All lines from the one that contains "Group view of" to the end of the data must be retyped exactly. Pictures are not retyped.

*** DATA TO USE Section Begins ***

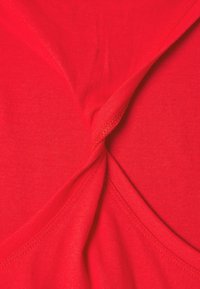 Top sin mangas de color rojo con una textura suave y lisa. Presenta un diseño retorcido en la parte frontal y costuras reforzadas a lo largo de los bordes.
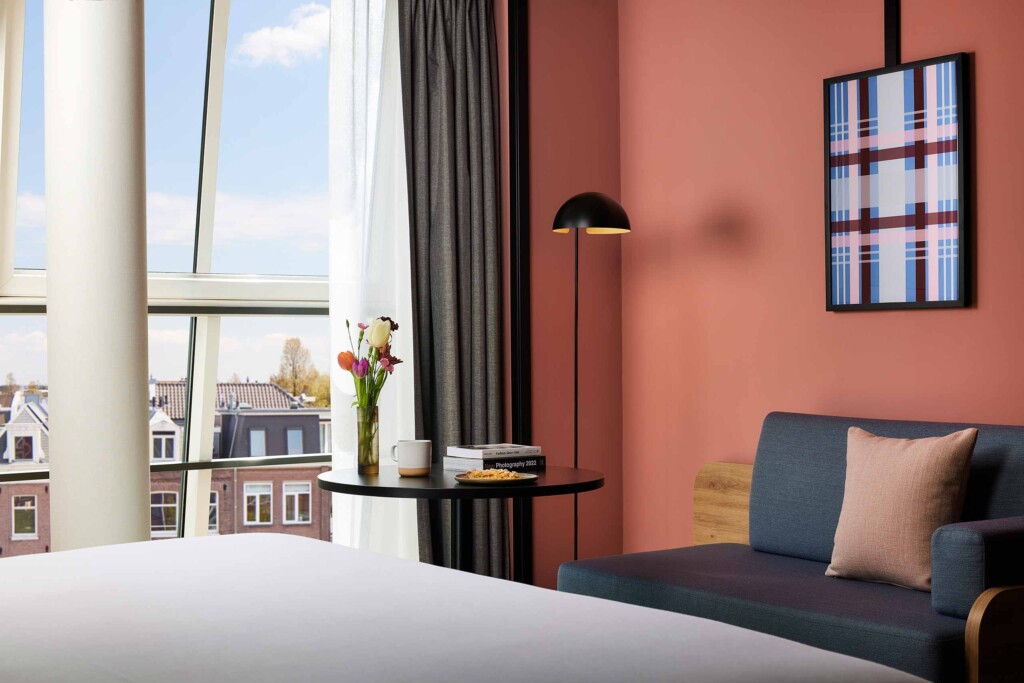View from inside room at Avani Museum Quarter Amsterdam out over the rooftops of the city through chequered glass windows. IN front of the window, an orange armchair with an AvaniFit yoga mat on it, as well as a table with tulips, macaroons and photography artbooks, next to a grey mid-century modern sofa set against a teracotta wall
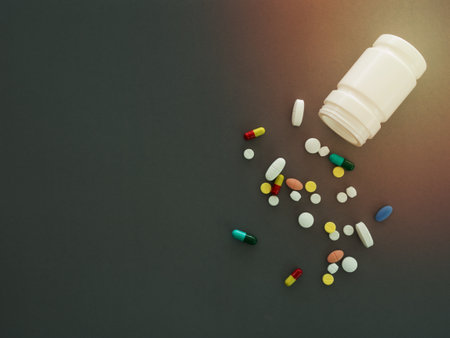 pills and pill bottle on gray background. top view.の写真素材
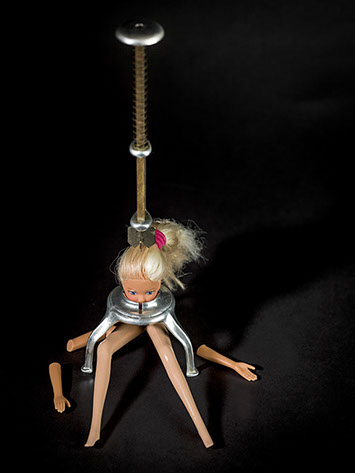 picture of Barbie crushed by a cooking utensil shot in studio Halet with a Mamiya medium format digital back Phase One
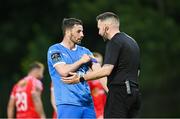 23 June 2025; Pádraig Amond of Waterford with referee Declan Toland during the SSE Airtricity Men's Premier Division match between Waterford and Shelbourne at the Regional Sports Centre in Waterford. Photo by Piaras Ó Mídheach/Sportsfile
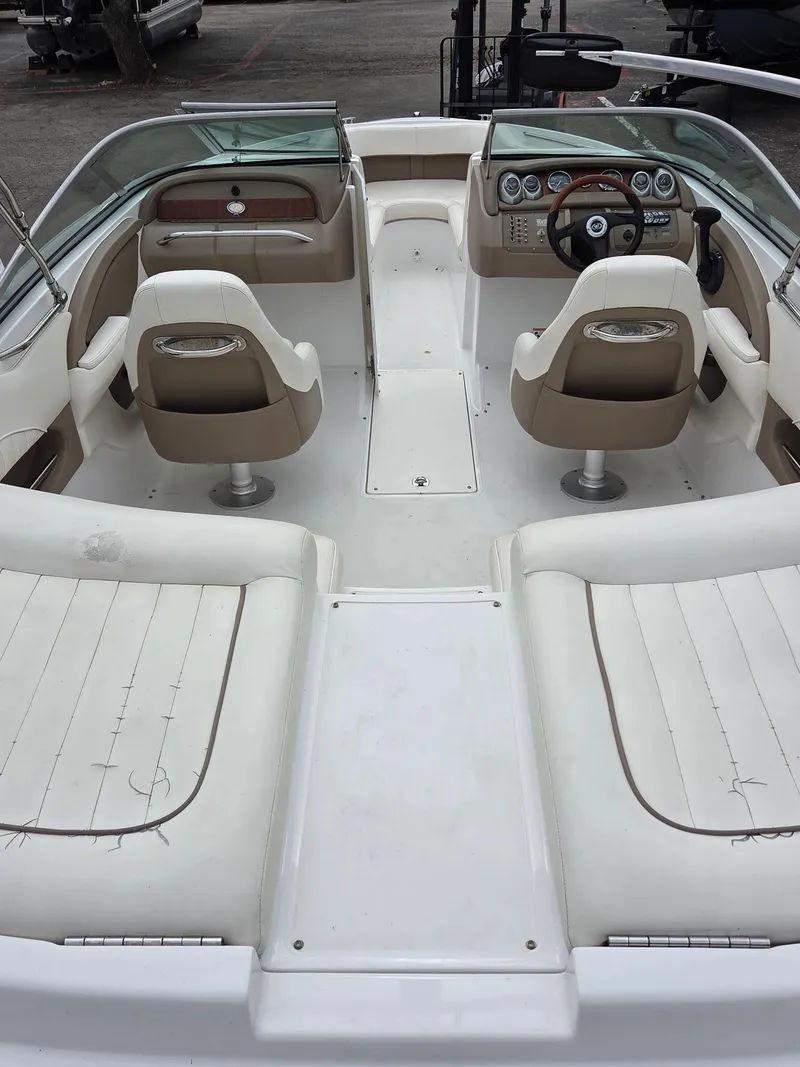 Slide: The Image of 2008 Cobalt 220 boat interior with beige and white seating, steering console, and dashboard. - 7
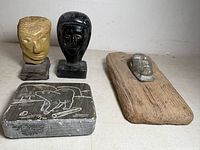 Group view of all four pieces: etched slab, two stone heads on bases, stone head on wood board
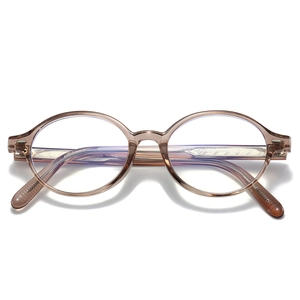 Modern oval anti-blue light glasses with transparent amber frames and textured wire core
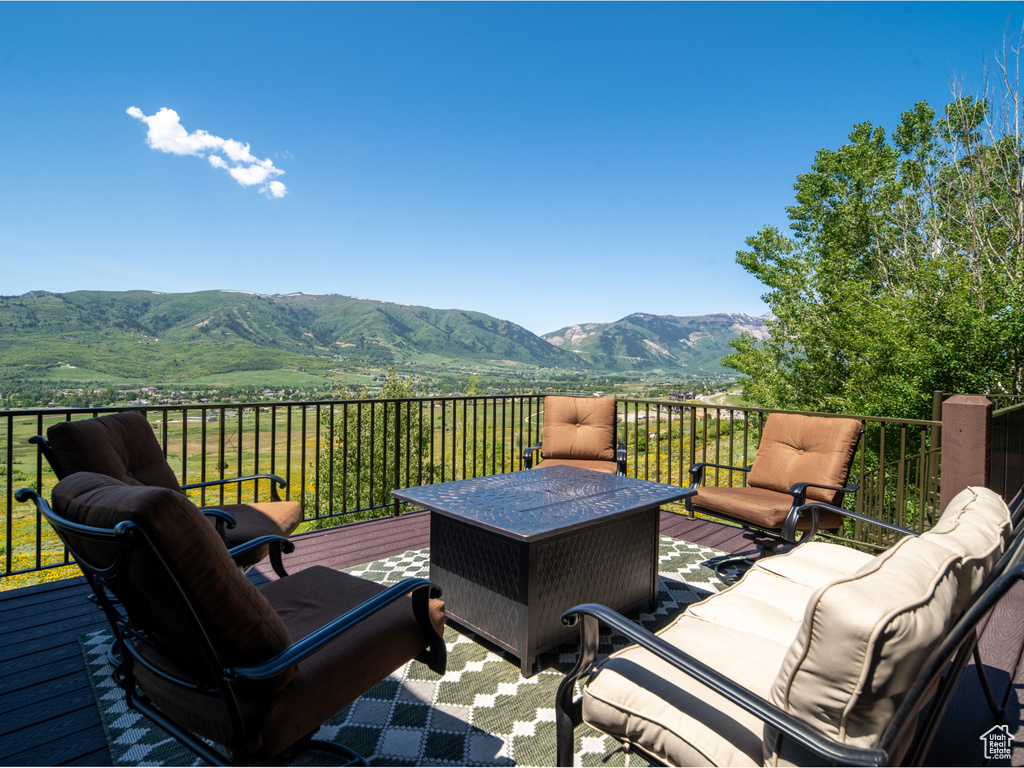 Wooden deck featuring a mountain view and an outdoor hangout area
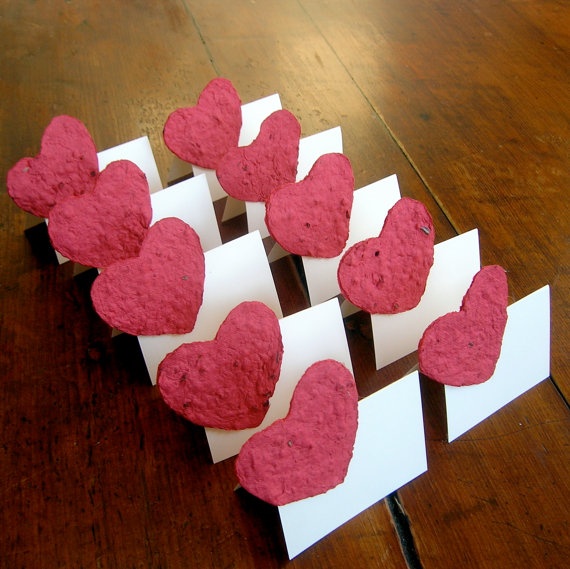 pink plantable paper heart on a place card tent valentines place cards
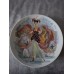 A set of 12 collector plates, “Women of the Century”, Limoges, France.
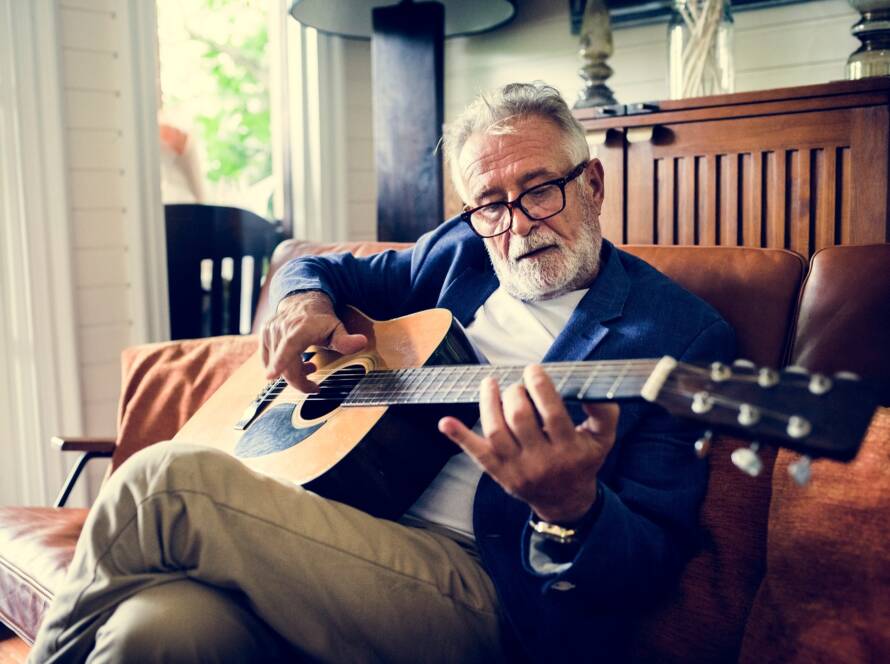 An elderly man is playing guitar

*** DATA TO USE Section Ends ***

» **FINISHED TASK**
 Group view of all four pieces: etched slab, two stone heads on bases, stone head on wood board
 Modern oval anti-blue light glasses with transparent amber frames and textured wire core
 Wooden deck featuring a mountain view and an outdoor hangout area
 pink plantable paper heart on a place card tent valentines place cards
 A set of 12 collector plates, “Women of the Century”, Limoges, France.
 An elderly man is playing guitar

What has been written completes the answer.